Back in June, we celebrated the summer solstice, which is the longest day of the year. Today is the winter solstice and the shortest day of the year. It sometimes gets overlooked amid the chaos of the holiday season, but it’s still an interesting occurrence. Here’s what you need to know about the solstice.
1. Today is the big day.
The winter solstice date varies every year, ranging anywhere between Dec. 20-23, though the 21st and 22nd are by far the most common dates. It’s the shortest day and longest night. In terms of daylight, the Winter Solstice in Houston is 3 hours, 49 minutes shorter than on the Summer Solstice in June. Alaska won’t have a sunrise at all, and actually hasn’t since mid-November; its next sunrise will be in late January.
2. The solstice is actually a brief, specific instant, and not the entire day.
The solstice corresponds to the moment the North Pole is the furthest away from the sun on the 23.5 degree tilt of the Earth’s axis and the sun shines directly over the Tropic of Capricorn. Regardless of where you live, the solstice happens at the same moment for everyone. This year, that will be at 4:22 p.m. local Central time.
3. Ancient cultures celebrate the Winter Solstices as a time of death and rebirth.
With the “death of the light” and serious threat of starvation over the winter months, Scandinavian and Germanic pagans slaughtered animals and lit fires as a symbolic way to welcome backlight. Ancient Romans celebrated a midwinter festival of Saturnalia to honor the agricultural god Saturn, and it became a widespread revelry of debauchery where societal roles were overturned, and servants were allowed to insult their masters. The Iranian festival of Yalda is also celebrated to herald the birth of Mithra, the ancient sun god, and his triumph over darkness. And beliefs about the presence of evil on the longest night occur in Celtic and Germanic folklore.
4. Big events have happened on the Winter Solstice.
The Pilgrims landed at Plymouth on Dec. 21, 1620. In 1898, Pierre and Marie Curie discovered radium. And the Apollo 8 spacecraft, which became the first manned moon mission, launched on December 21, 1968.

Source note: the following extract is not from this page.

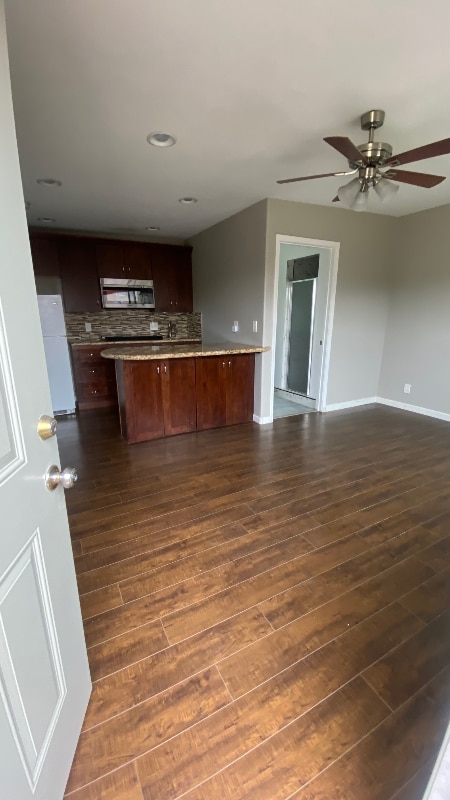 Building Photo - 770 S Walnut St Rental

5. Solstice translates to “sun stands still.”
The word is derived from the Latin scientific term solstitium, where “sol” means “sun” and the past participle stem of “sister” means “to make stand.” This is because the sun’s position in the sky, relative to the horizon at noon, increases and decreases throughout the year but appears to pause on the days around the solstice. Also, some thought the world would end (or some cataclysmic event would happen) on the 2012 winter solstice, as it corresponded to the end date of a 5,126-year cycle in the Mesoamerican Long Count calendar used by the ancient Mayans. But the Earth continues to spin around the sun, and we look forward to longer days ahead!